The notable thing about Brazil’s long drug-related crime problem is that the country has never engaged in a US-imposed or -supervised war on drugs. What it’s had instead is a large and prosperous consumer market for cocaine and marijuana, and prohibition laws so lax that in Mangueira I watched people in fancy cars from beachside Rio line up for blocks at the bottom of the hill every weekend, waiting to buy their party dose of drugs, undisturbed by the forces of law and order that chose sometimes to kill and sometimes to jail the favelados.
For years, the myth that developing countries do not have drug problems was cherished in Brazil as elsewhere, but it has no basis. What is true is that traffickers systematically foist drugs onto young people in poor communities so as to create a local market, and that poor addicts in developing countries tend to get the highly dangerous leftovers of rich consumers’ drugs. Brazil is only the latest country to suffer the impact of widespread use of crack.

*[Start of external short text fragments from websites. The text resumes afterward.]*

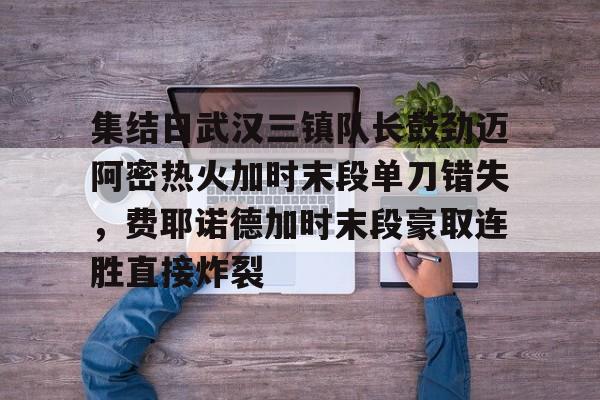 包含集结日武汉三镇队长鼓劲迈阿密热火加时末段单刀错失，费耶诺德加时末段豪取连胜直接炸裂的词条
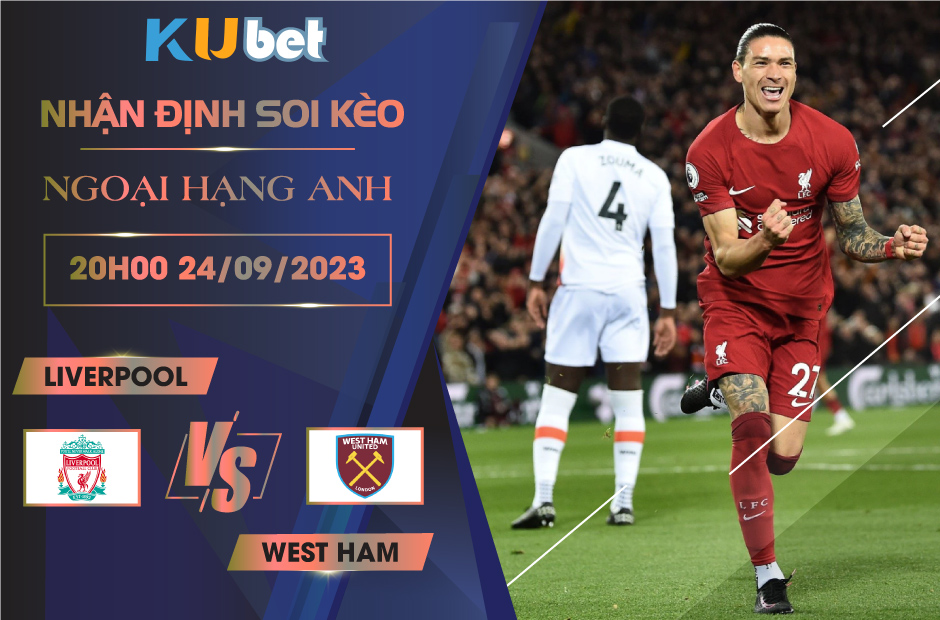 Kubet cập nhật trận đấu giữa Liverpool vs West Ham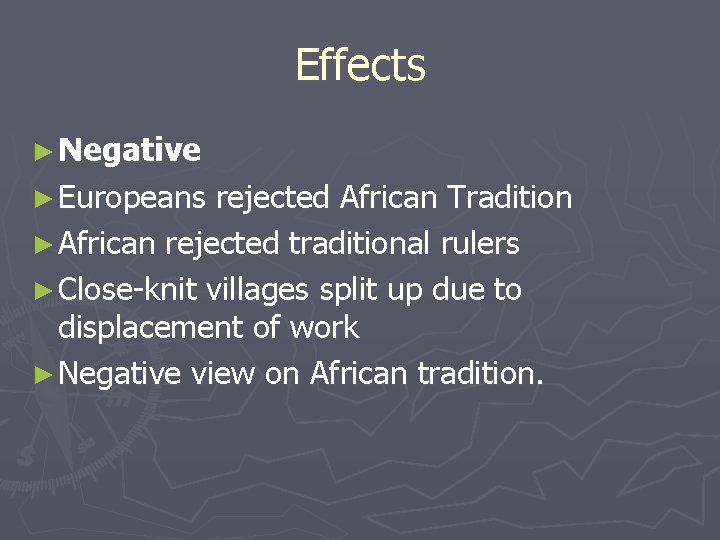 Effects ► Negative ► Europeans rejected African Tradition ► African rejected traditional rulers ►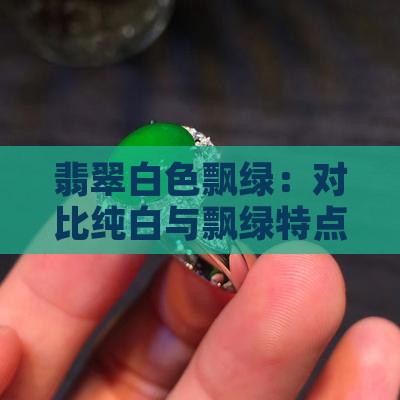 翡翠白色飘绿：对比纯白与飘绿特点及含义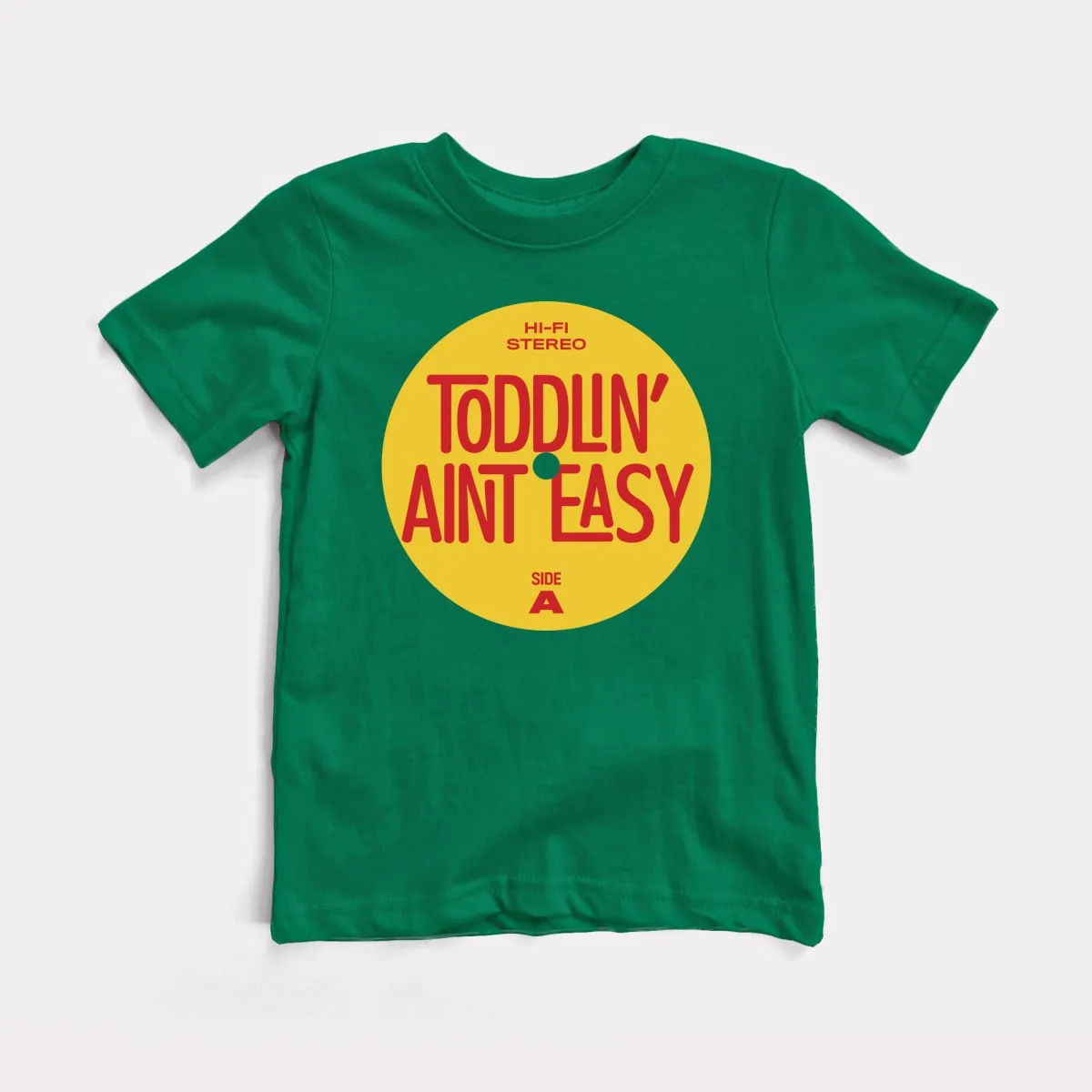 Toddlin Ain't Easy Toddler Tee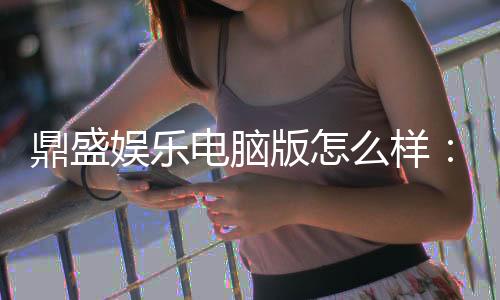 鼎盛娱乐电脑版怎么样：游戏体验如何？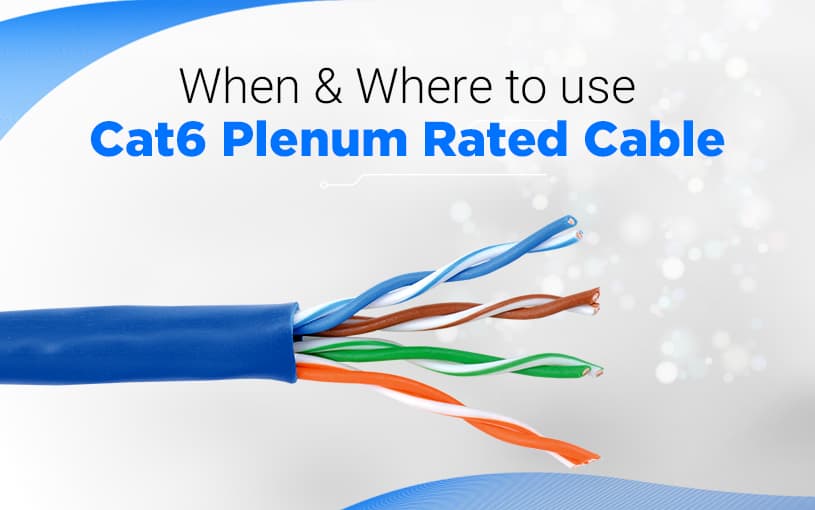 Why and When To Use Cat6 Plenum Rated Cable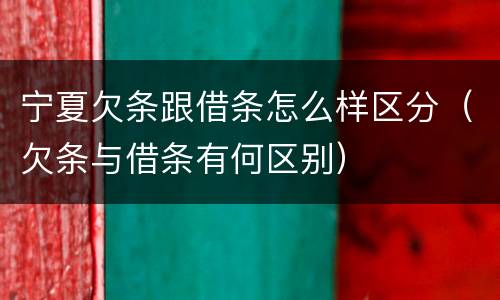 宁夏欠条跟借条怎么样区分（欠条与借条有何区别）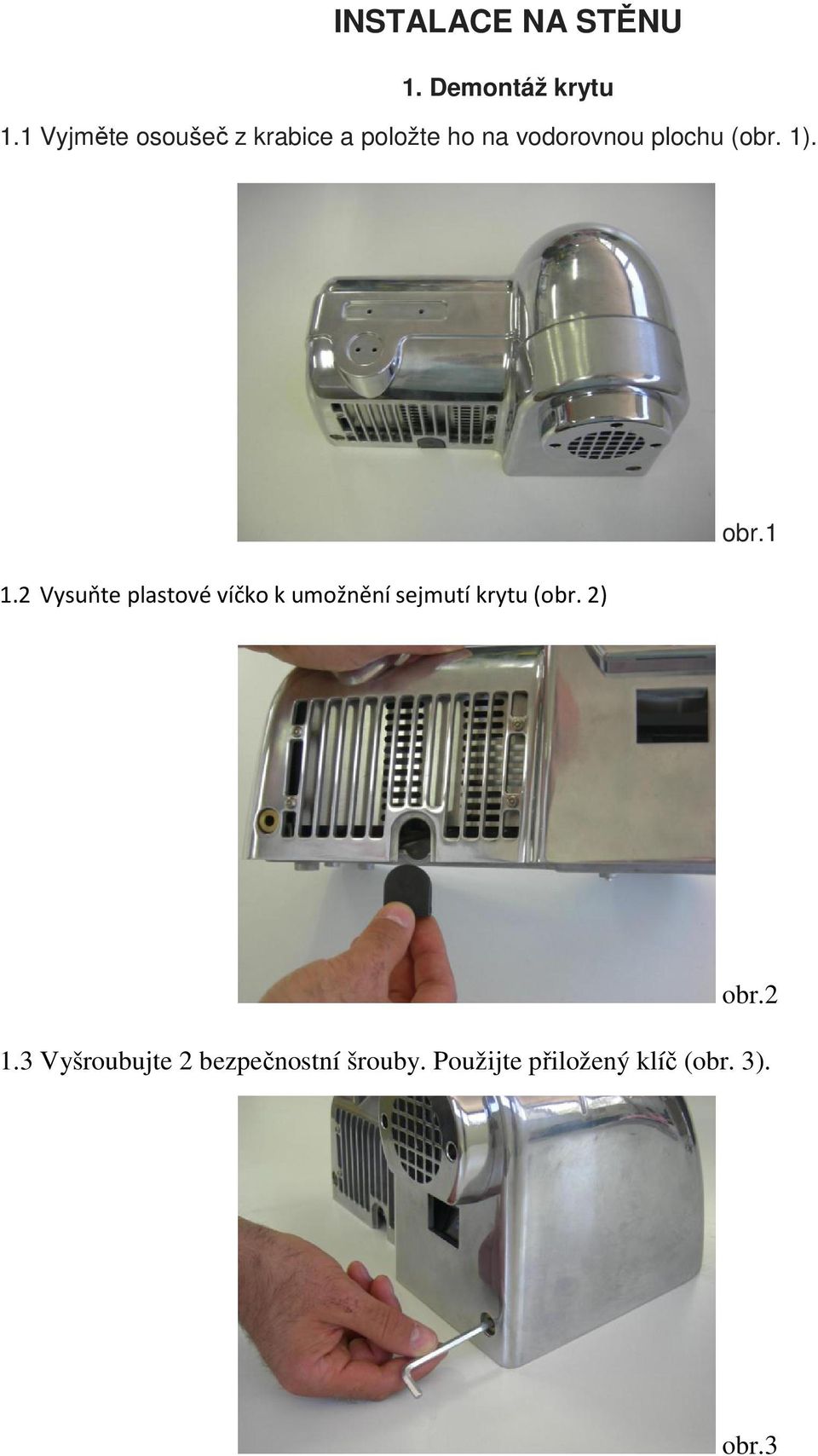 (obr. 1). 1.2 Vysuňte plastové víčko k umožnění sejmutí krytu (obr.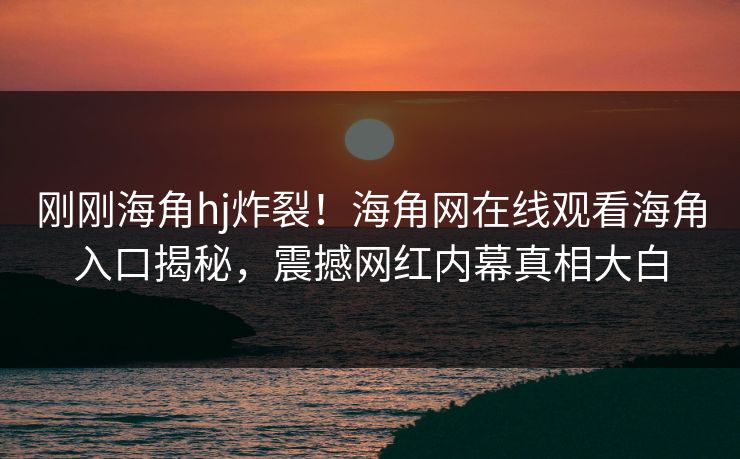 刚刚海角hj炸裂！海角网在线观看海角入口揭秘，震撼网红内幕真相大白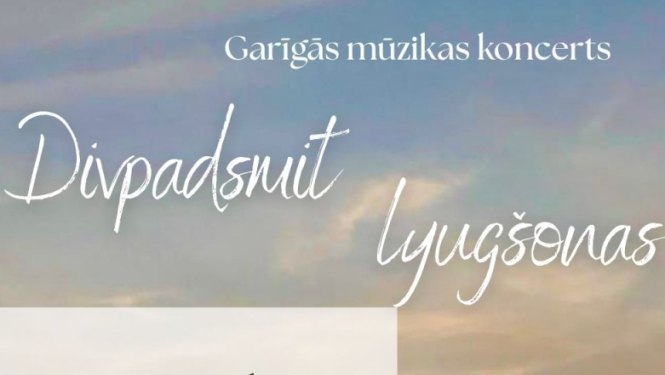 Garīgās mūzikas koncerts "Divpadsmit lyugšonas" 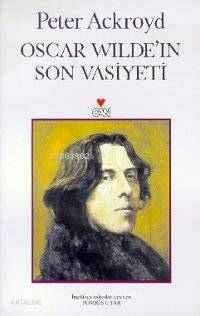  Oscar Wıldeın Son Vasiyeti | Peter Ackroyd | Tomris Uyar | Can Yayınları | 9789755108933 | 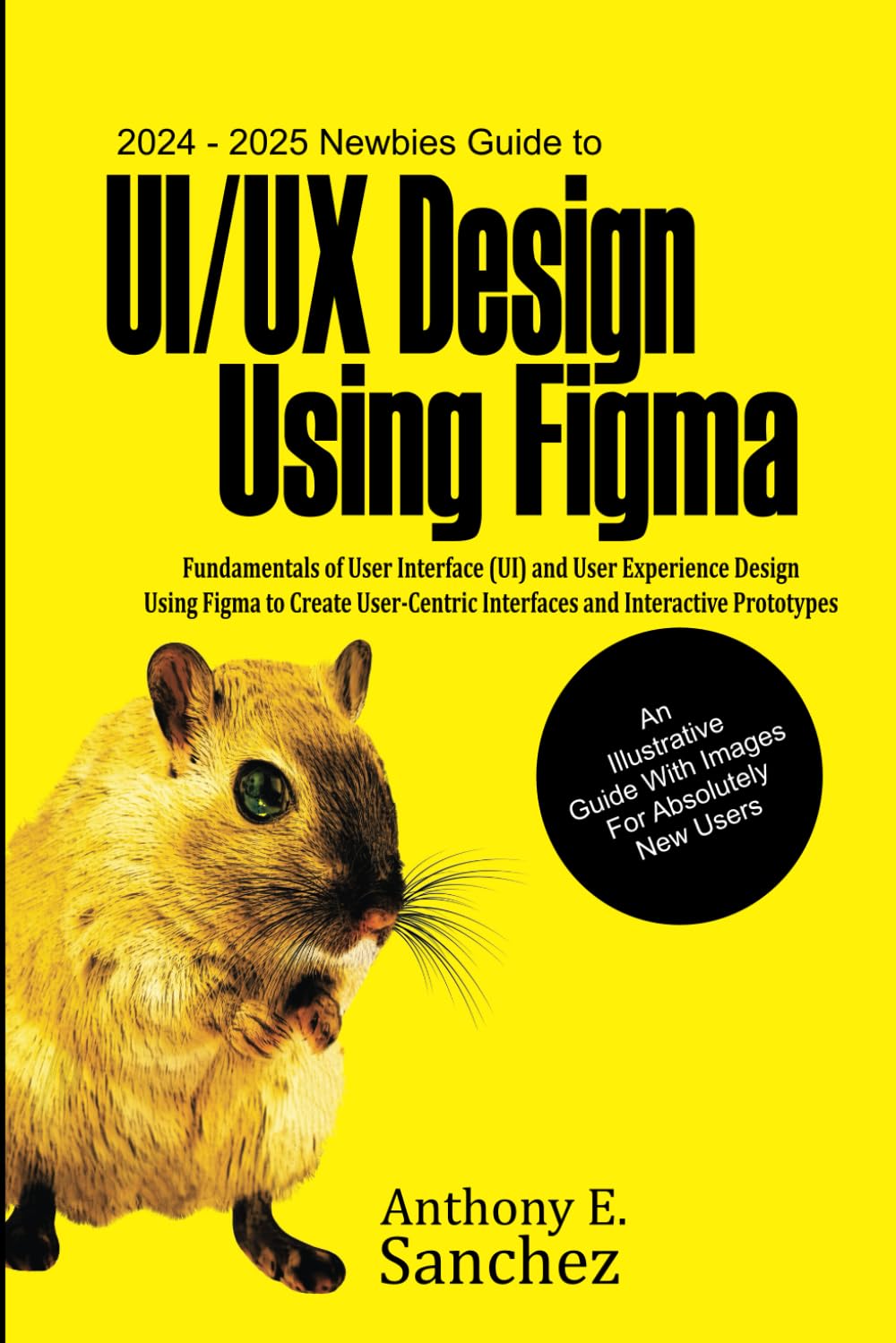2024 – 2025 Newbies Guide to UI/UX Design Using Figma: Fundamentals of User Interface (UI) and User Experience (UX) Design Using Figma to Create User-centric Interfaces and Interactive Prototypes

Is there, in fact, a realistic alternative to prohibition? Suggested options range from an acknowledgment that marijuana is already all but legal in the United States and much of the rest of the world, and should be officially so (it is generally estimated to be the largest moneymaker for the illegal trade), to a regulated approach that would ban advertising of marijuana, restrict its distribution to government outlets, and tax the profits heavily.